-------- Input records
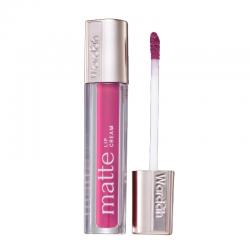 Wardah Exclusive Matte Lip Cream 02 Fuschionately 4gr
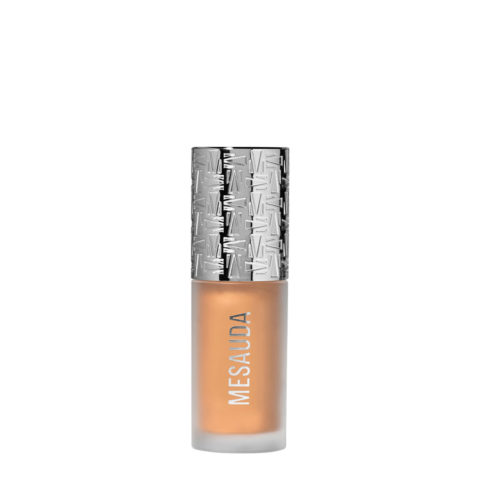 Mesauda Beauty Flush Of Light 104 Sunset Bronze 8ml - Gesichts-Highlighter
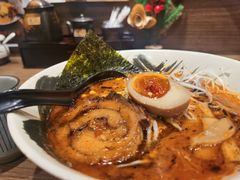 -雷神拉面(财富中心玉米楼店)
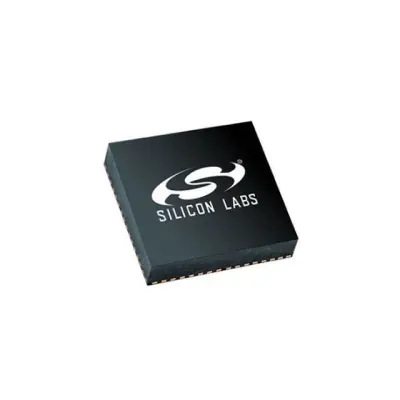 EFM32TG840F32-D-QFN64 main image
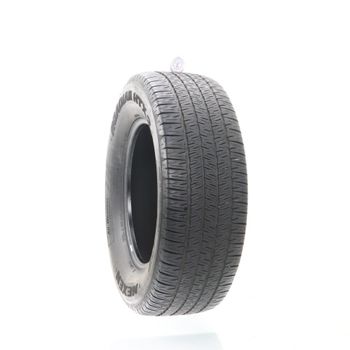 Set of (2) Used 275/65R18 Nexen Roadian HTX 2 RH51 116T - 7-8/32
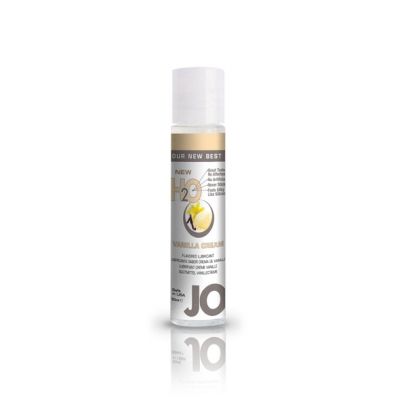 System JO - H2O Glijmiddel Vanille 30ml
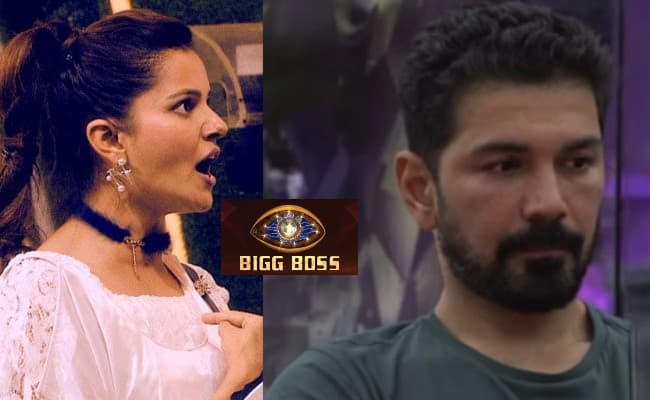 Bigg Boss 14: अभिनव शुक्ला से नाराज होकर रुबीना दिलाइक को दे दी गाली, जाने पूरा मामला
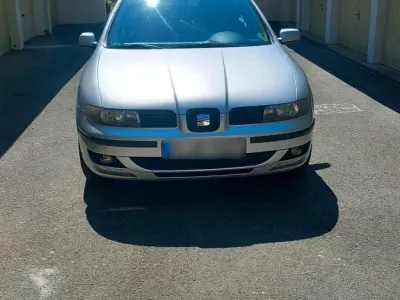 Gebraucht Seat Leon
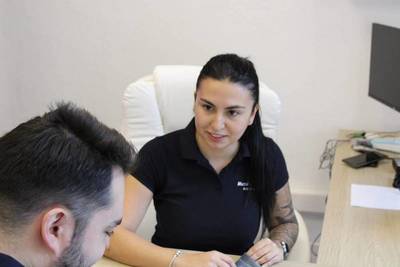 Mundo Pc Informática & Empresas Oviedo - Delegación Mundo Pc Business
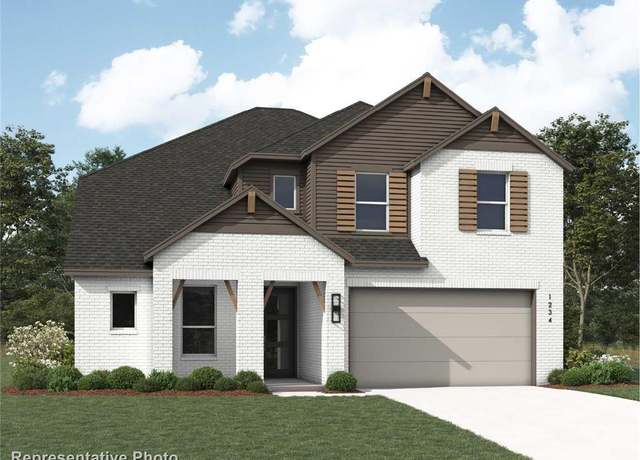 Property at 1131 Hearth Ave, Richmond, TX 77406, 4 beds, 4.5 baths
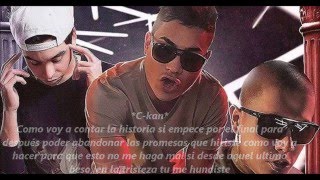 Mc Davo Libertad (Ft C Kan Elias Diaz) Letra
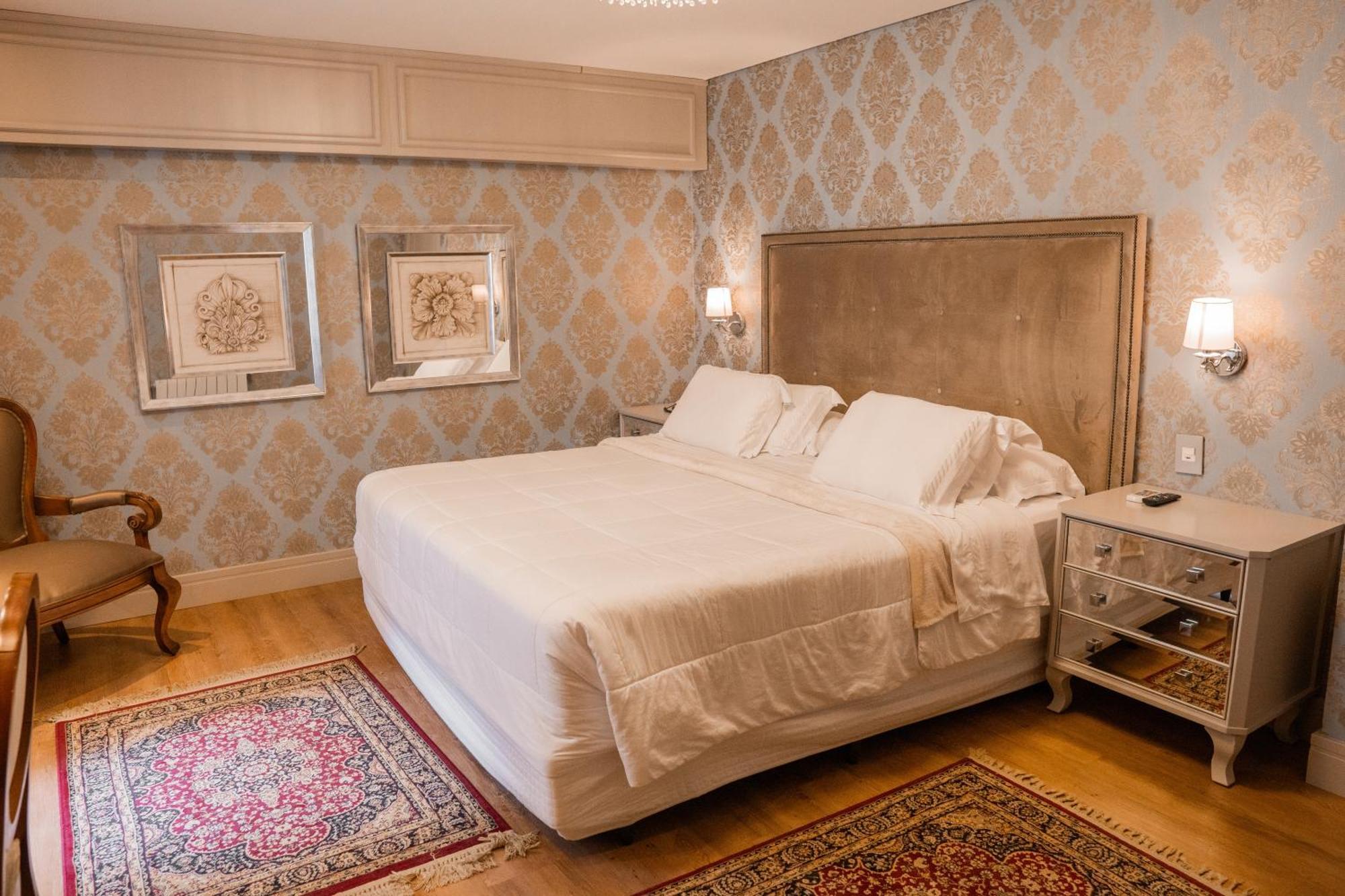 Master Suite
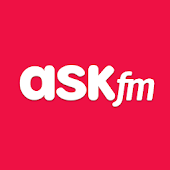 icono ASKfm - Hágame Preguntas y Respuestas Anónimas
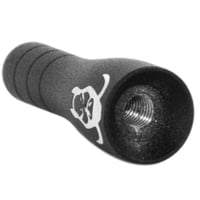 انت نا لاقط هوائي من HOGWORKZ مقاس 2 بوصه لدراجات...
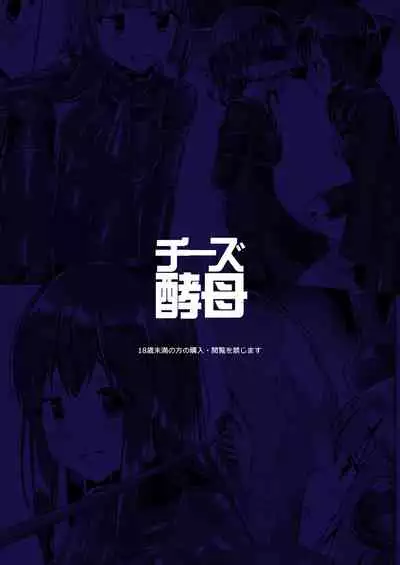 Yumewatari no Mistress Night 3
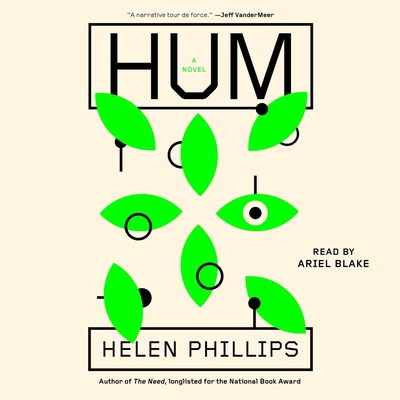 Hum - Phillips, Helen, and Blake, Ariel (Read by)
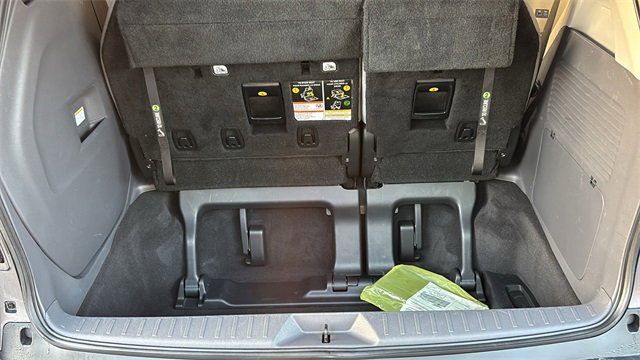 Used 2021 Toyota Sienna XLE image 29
----------------
= The task =
Make an exact copy of every record, pictures excluded.

= Output =
 Wardah Exclusive Matte Lip Cream 02 Fuschionately 4gr
 Mesauda Beauty Flush Of Light 104 Sunset Bronze 8ml - Gesichts-Highlighter
 -雷神拉面(财富中心玉米楼店)
 EFM32TG840F32-D-QFN64 main image
 Set of (2) Used 275/65R18 Nexen Roadian HTX 2 RH51 116T - 7-8/32
 System JO - H2O Glijmiddel Vanille 30ml
 Bigg Boss 14: अभिनव शुक्ला से नाराज होकर रुबीना दिलाइक को दे दी गाली, जाने पूरा मामला
 Gebraucht Seat Leon
 Mundo Pc Informática & Empresas Oviedo - Delegación Mundo Pc Business
 Property at 1131 Hearth Ave, Richmond, TX 77406, 4 beds, 4.5 baths
 Mc Davo Libertad (Ft C Kan Elias Diaz) Letra
 Master Suite
 icono ASKfm - Hágame Preguntas y Respuestas Anónimas
 انت نا لاقط هوائي من HOGWORKZ مقاس 2 بوصه لدراجات...
 Yumewatari no Mistress Night 3
 Hum - Phillips, Helen, and Blake, Ariel (Read by)
 Used 2021 Toyota Sienna XLE image 29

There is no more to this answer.